As long as Saddam paid sufficient bribes and granted the right concessions to the well-connected, the world shut its eyes to his cavalcade of atrocities. Even when his soldiers raped Kuwait, the United Nations barely summoned the will to expel his military - and the alliance led by the United States declined to liberate Iraq itself from a tyrant with a sea of blood on his hands.

Everything changed in 2003. For all of its later errors in Iraq, the Bush administration altered the course of history for the better.

It may be hard to discern the deeper meaning of our march to Baghdad amid the chaos afflicting Iraq today, but President Bush got a great thing right: He recognized that the age of dictators was ending, that the era of the popular will had arrived. He and his advisers may have underestimated the difficulties involved and misread the nature of that popular will, but they put us back on the moral side of history.
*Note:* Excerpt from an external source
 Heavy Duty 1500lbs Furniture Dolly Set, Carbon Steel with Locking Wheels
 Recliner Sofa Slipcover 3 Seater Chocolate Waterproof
Bush revealed the bankruptcy of the European-designed system of international relations. An unspoken code agreed between kings and czars, emperors and kaisers, had protected rulers - however monstrous - for centuries, while ignoring the suffering of the masses. The result was that any Third World thug who seized a presidential palace could ravage his country as long as his crimes remained within his "sovereign" borders.

Supported by other English-speaking democracies, Bush acted. Breaking Europe's cynical rules, our forces invaded a dictatorship to liberate its population.
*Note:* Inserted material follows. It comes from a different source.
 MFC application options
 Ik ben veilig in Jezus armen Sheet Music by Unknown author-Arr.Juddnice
And suddenly, the world was no longer safe for tyrants.

No matter the policy failures in the wake of Baghdad's fall, the destruction of Saddam's regime remains a historical turning point. When our troops later dragged the dictator out of a fetid hole, every other president-for-life shivered at the image.

Tonight, none of those other oppressors will sleep well. They may try to console themselves that America is failing in Iraq, that we've learned our lessons. But no matter what they tell themselves, they'll never feel safe again.

We set a noble precedent, and the critics who insist that deposing Saddam was a mistake are rushing to a very premature judgment.

We did a great thing by overthrowing Saddam. We may have done it poorly, but we did it. We also revealed the hypocrisy of those governments who sold out their professed values for oil money (and pathetically cheaply, too).

From Paris and Berlin through Moscow and Beijing, many will never forgive us. We should be honored.
Of course, the handwringing over the execution is already in swing. For example, this morning's New York Times notes that Saddam's trial -- chaotic, politicized, and inconclusive -- may not advance the cause of international human rights. Underlying the debate is a moral self-questioning over the propriety of victor's justice, with the most important precedent the war tribunals following World War II:

At that time, as now, debates raged over whether the trials conducted by victorious forces were morally wrong or whether they were politically and psychologically indispensable. Some argued that those trials of the late 1940s did more harm than good and should never have taken place. Winston Churchill, Britain’s wartime leader, had always urged that the Nazi leaders be executed, without trial.
Read the whole New York Times piece. It's a good example of the moral relativeness of the global rights advocacy network.